Melvin Warren, CA
Like many of his contemporaries, Mel Warren followed an arduous path to achieve artistic success. After serving a stint in the Air Force, he earned degrees in fine art from Texas Christian University in Fort Worth, Texas. When he graduated, he found that there was little in the way of work for a newly minted artist. Galleries for Western artists were few and far between, and those that were established already had a number of artists in their stables. To support himself and his family, Warren turned to the world of commercial art. After working his day job, he spent the evenings pursuing his real passion – painting the people, places, and historic events of the West.

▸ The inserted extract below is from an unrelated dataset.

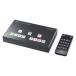 [ outlet ] Sanwa Supply 4 ввод 1 мощность HDMI переключатель .-(4K соответствует / экран раздел / колпак коричневый c функцией ) SW-UHD41UVC 1 шт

The subject matter came easily to him. His father had been a ranch hand and cowboy, and Warren grew up on a succession of ranches in Texas and New Mexico. He had ample opportunity to watch cowboys in many different situations and was familiar with all their customary chores. He became a keen observer of ranch life and Native American culture. Warren’s fascination with cowboy life and his desire to become an artist were constants in his youth. He first brought the two interests together while living on a ranch in Seymour, Texas. After seeing an ad for a course from the Federal Art School, he performed odd jobs to earn enough money to take the course. From then on, his life direction was set.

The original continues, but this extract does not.